### WHAT THE TASK REQUIRES
Begin with the line below holding "Chaussures Lifestyle<UGG Chaussures" and go on through the line holding "2 Island Road", duplicating each line exactly and leaving out pictures.

### INFORMATION PROVIDED
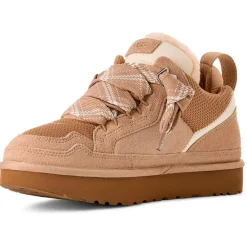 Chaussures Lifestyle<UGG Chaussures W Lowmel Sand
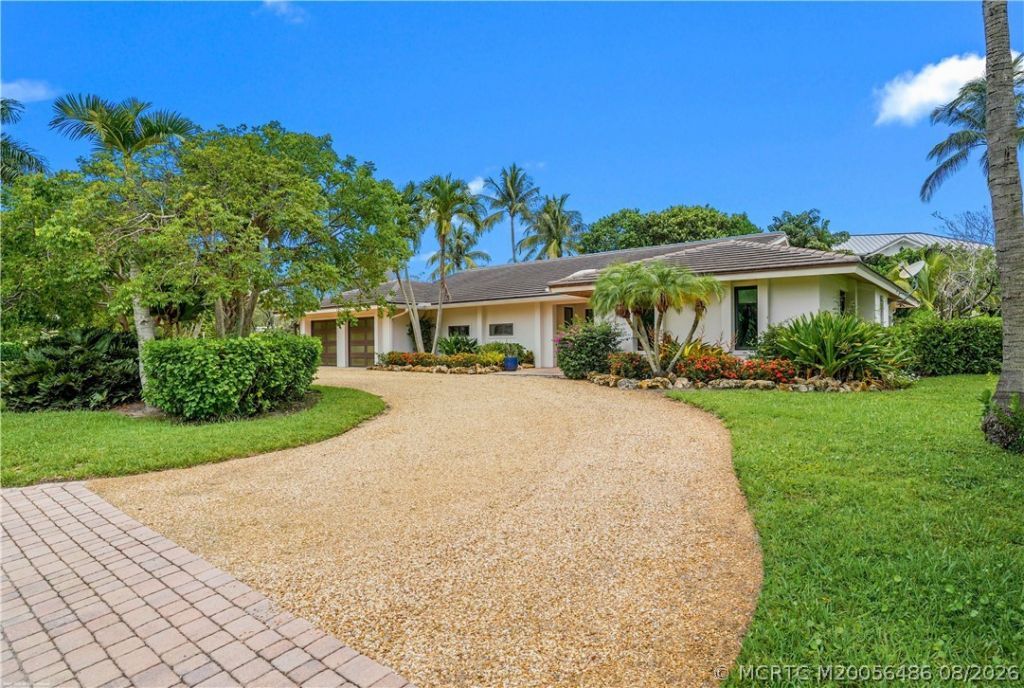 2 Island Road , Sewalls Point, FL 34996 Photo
* * *
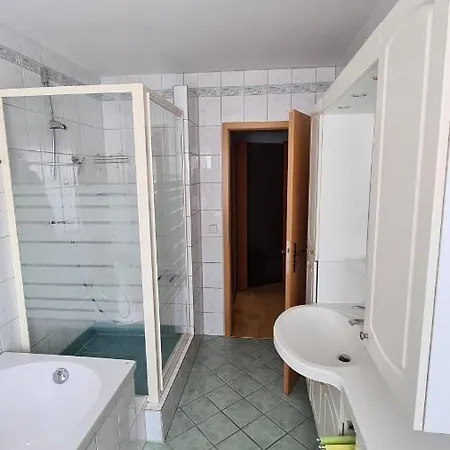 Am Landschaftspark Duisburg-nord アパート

### YOUR RESPONSE
 Chaussures Lifestyle<UGG Chaussures W Lowmel Sand
 2 Island Road , Sewalls Point, FL 34996 Photo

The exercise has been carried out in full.